# Learning Statistics with R

Back in the grimdark pre-Snapchat era of humanity (i.e. early 2011), I started teaching an introductory statistics class for psychology students offered at the University of Adelaide, using the R statistical package as the primary tool. I wrote my own lecture notes for the class, which have now expanded to the point of effectively being a book.

The book is freely available, and as of the current update (version 0.6) it is released under a creative commons licence (CC BY-SA 4.0)

The book is associated with the lsr package, available on CRAN and github. The package is probably okay for many introductory teaching purposes, but I should note that this package isn't being actively updated, and I would strongly recommend taking care if you are thinking of using it in real world data analysis.

The decision to release the book under a Creative Commons licence reflects the fact that I've found very little time to update the book myself, and I feel a little bad about that. There have been a few people who have asked about adapting the book or using it in teaching, and I've invariably said "yes, please do!" so it seems like a sensible thing to do is throw it open for anyone to adapt it if they would like to. Like most people writing open textbooks, I chose a BY-SA licence. As per the licence "This means that this book can be reused, remixed, retained, revised and redistributed (including commercially) as long as appropriate credit is given to the authors. If you remix, or modify the original version of this open textbook, you must redistribute all versions of this open textbook under the same license - CC BY-SA."

There are a few projects that I'm aware of that adapt or extend LSR in different directions:

If I hear of any others I'd love to link to them here!

### I. Background

• Chapter 1: Why do we learn statistics? Psychology and statistics. Statistics in everyday life. Some examples where intuition is misleading, and statistics is critical.
• Chapter 2: A brief introduction to research design. Basics of psychological measurement. Reliability and validity of a measurement. Experimental and non-experimental design. Predictors versus outcomes.

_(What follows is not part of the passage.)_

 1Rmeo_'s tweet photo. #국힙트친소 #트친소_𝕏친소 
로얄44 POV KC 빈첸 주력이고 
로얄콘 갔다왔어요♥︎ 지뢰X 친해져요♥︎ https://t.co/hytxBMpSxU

### II. An introduction to R

• Chapter 3: Getting started with R. Getting R and Rstudio. Typing commands at the console. Simple calculations. Using functions. Introduction to variables. Numeric, character and logical data. Storing multiple values asa vector.
• Chapter 4: Additional R concepts. Installing and loading packages. The workspace. Navigating the file system. More complicated data structures: factors, data frames, lists and formulas. A brief discussion of generic functions.

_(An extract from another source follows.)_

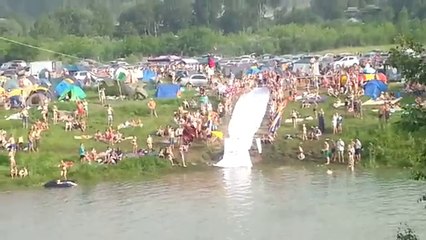 Faire du Toboggan tiré par une moto : saut de malade mental!!!!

### III. Working with data

• Chapter 5: Descriptive statistics. Mean, median and mode. Range, interquartile range and standard deviations. Skew and kurtosis. Standard scores. Correlations. Tools for computing these things in R. Brief comments missing data.
• Chapter 6: Drawing graphs. Discussion of R graphics. Histograms. Stem and leaf plots. Boxplots. Scatterplots. Bar graphs.
• Chapter 7: Pragmatic matters. Tabulating data. Transforming a variable. Subsetting vectors and data frames. Sorting, transposing and merging data. Reshaping a data frame. Basics of text processing. Reading unusual data files. Basics of variable coercion. Even more data structures. Other miscellaneous topics, including floating point arithmetic.
• Chapter 8: Basic programming. Scripts. Loops. Conditionals. Writing functions. Implicit loops.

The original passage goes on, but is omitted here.